According to Mountain View voice, is Mountain View losing trees from breakneck development, or is the town planting enough younger trees to replenish them? It’s sort of like asking if a cup is half empty or half full — it depends on who you ask.
A new draft report by the city’s Forestry Division finds that nearly 2,400 trees have been chopped down across town over the last three years. On the bright side, city arborists report that they are replanting 60 percent more new trees and saplings compared to what’s been removed.
Yet tree advocates in Mountain View remain skeptical. Not all trees are equal, said Katherine Naegele, an arborist with the Mountain View Tree nonprofit who previously served on the city’s Urban Forestry Board.
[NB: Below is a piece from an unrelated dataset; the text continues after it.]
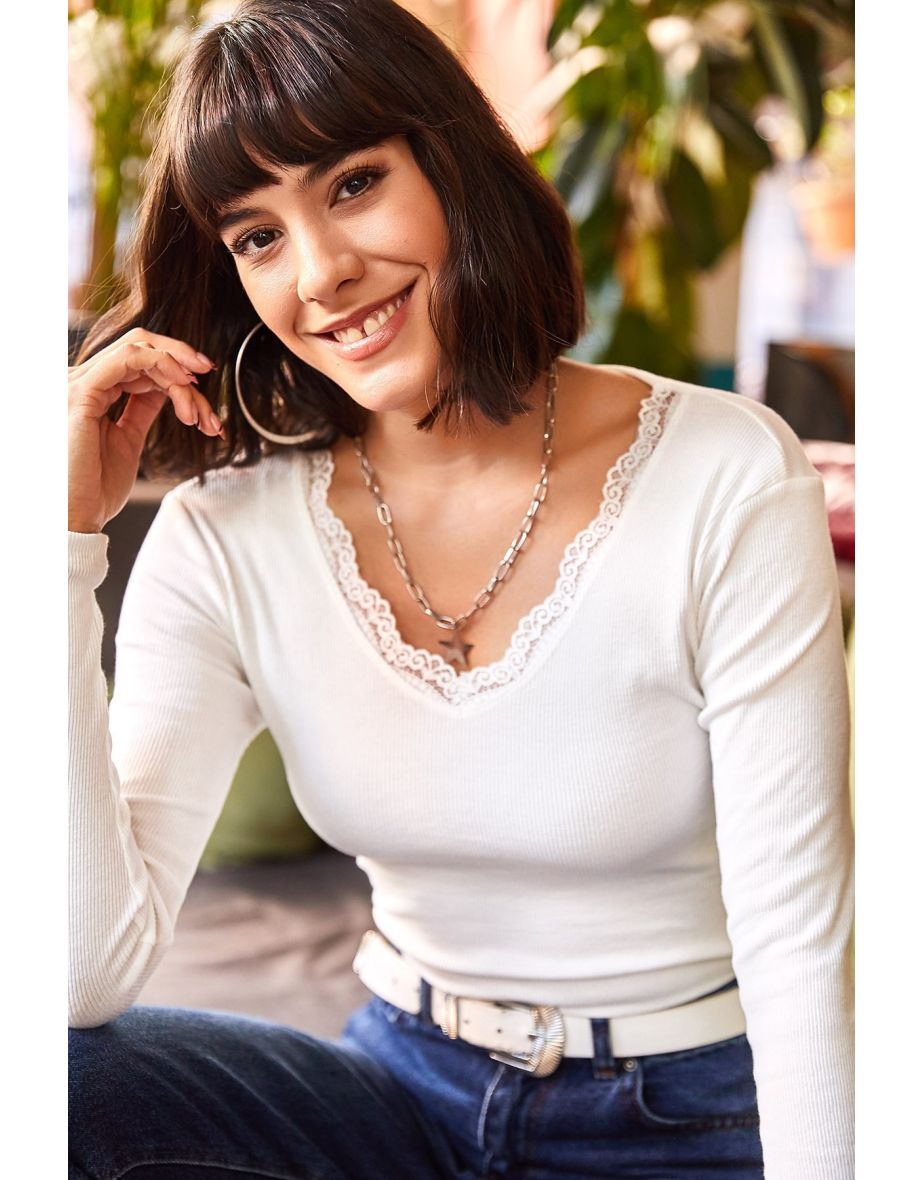 Blouse - Ecru - Fitted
While a higher tree count might seem like proof of success, it could also mean that a developer ripped out healthy mature trees only to replace them with saplings from the nursery, she said. After winning their approvals, many developers often pick non-native trees and then plant them too close together or in spaces that can’t support their roots, she said. These trees will end up dying, but the city’s tree count will still portray it as a net increase, she said.
“It might seem like we’re getting this lush new tree cover, but actually we’re just counting the number of trunks to satisfy the city’s policies,” Naegele said. “I would rather see someone plant two coast live oaks rather than 100 myrtles.”
The city’s policies for protecting heritage trees have come under new scrutiny in recent days following a community outcry against plans to take down a grove of redwoods off Sierra Avenue. City officials ultimately denied permits to remove the trees, yet the episode still left many residents with the feeling that the city has a “double standard” for which trees are protected.